Lack of walleye found in Lake Mindemoya a concern for Fish and Game Club

KAGAWONG—The results of the recent Anishinabek/Ontario Fisheries Resource Centre (A/ORC) broad scale monitoring fish study on Lake Mindemoya has provided information that is of concern for members of the United Fish and Game Clubs of Manitoulin (UFGCM), particularly in the area of walleye populations.

“The A/ORC carried out a survey, which will be similar to a study being carried out the MNR (Ministry of Natural Resources) later this fall,” said Al Holroyd, a member of the UFGCM at a meeting last week. “Then the results of the two studies will be put together. Interestingly, one of the main concerns that has been raised is whether the walleye are reproducing naturally,” he told the meeting. He said that only 66 walleye were caught, a small number.

“It appears the numbers of walleye are down,” said Jim Sloss, UFGCM chair.

“Yes, there were only 66 walleye caught in the study, and no small ones were caught,” said Mr. Holroyd.

“This could certainly be indicating a problem,” said Mr. Sloss. He suggested the club could consider sending a letter to MNR area biologist Wayne Selinger, requesting MNR planting records in the Manitoulin area over the past few years to look at what lakes are being stocked and how many have been stocked.

Mr. Sloss told the Recorder that, “one of the things we need to know is what lakes fish are being stocked in and how many. For instance, if Tobacco Lake is not being stocked, we would like to see this happen and if it is being done this should be continued.

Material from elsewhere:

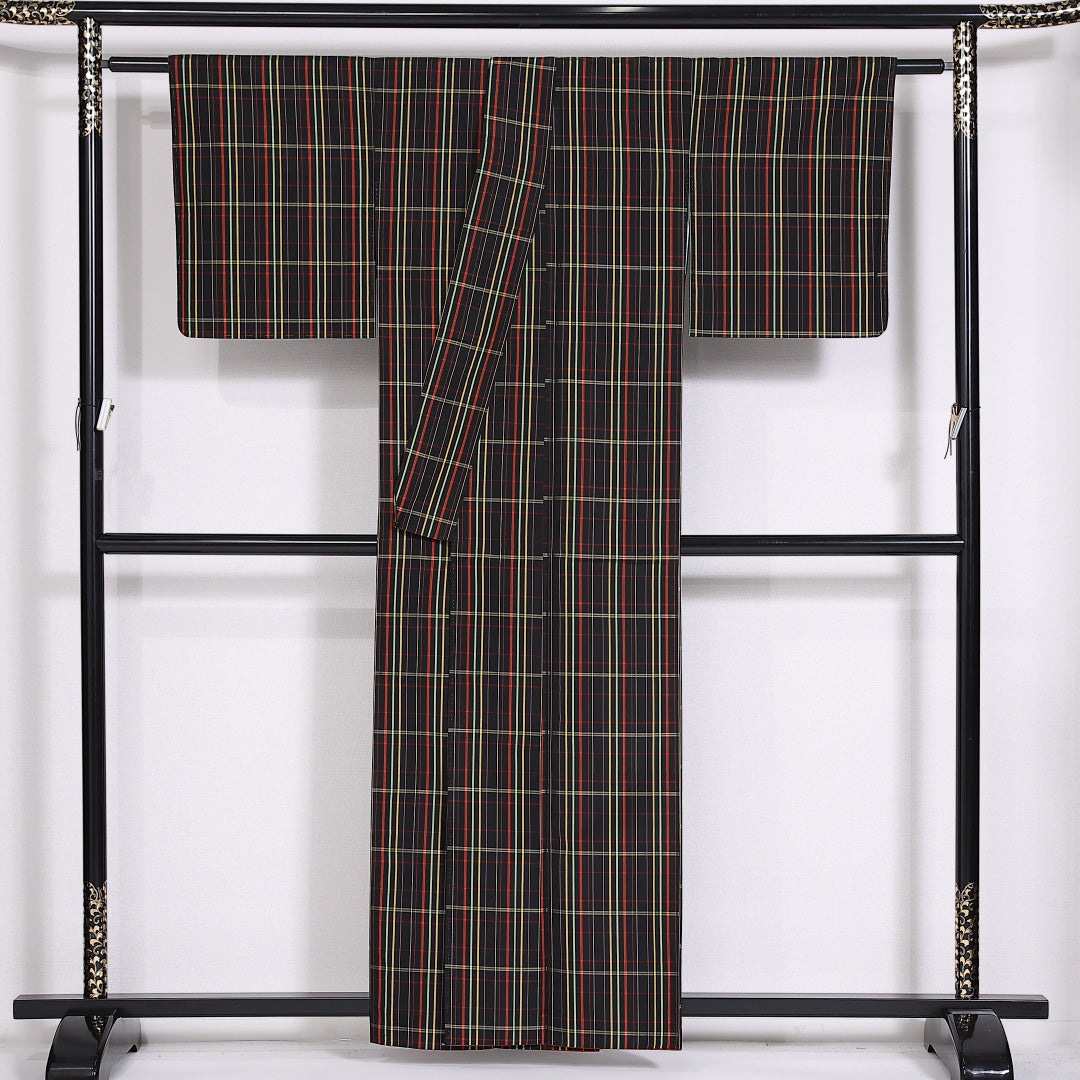 アンサンブル 大島紬 袷 身丈157cm 裄61.5cm 正絹 格子 道中着 黒系 Sランク 1216-01476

One of the oldest lakes on the Island that has been well known for its walleye population in the past has been Windfall Lake, but I understand the fishery is not good there.”

“We will see how the MNR monitoring goes in Lake Mindemoya and see if they have the same results as the A/ORC,” said Mr. Sloss. “We also want to know exactly what is going on, and provide input on what could be done to restore the fish populations. The MNR has been very cooperative on projects and information like this, and we want to move forward along with them.”

Keith Nahwegahbow, fisheries technician with A/ORC, provided a summary of the BSM carried out on Mindemoya Lake August 12-23. In an email to Mr. Holroyd dated September 5 he reported, “a total of 2,380 fish were caught in 40 net sets. The composition is located on the following table: yellow perch, 1,904 caught or 80.50 percent of the total number caught; rock bass, 123 or 5.17 percent; common shiner, 89 or 3.74 percent; walleye, 66 or 2.77 percent; blacknose shiner, 58 or 2.44 percent; smallmouth bass, 52 or 2.18 percent; white sucker, 40 or 1.68 percent; lake whitefish, 20 or 0.84 percent; cisco, 7 or 0.29 percent; log perch, five or 0.21 percent; spottail shiner, three or 0.13 percent; rainbow smelt, two or 0.08 percent; northern pike, one or 0.04 percent; and fathead minnow, one or 0.04 percent.

Mr. Nahwegahbow mentioned in his email, “Sixty-six walleye were caught during the project. The smallest walleye was 700 grams, which is about a pound and a half. We should have caught some smaller than this. This information can be concerning. I won’t have all the information until all data is analyzed.”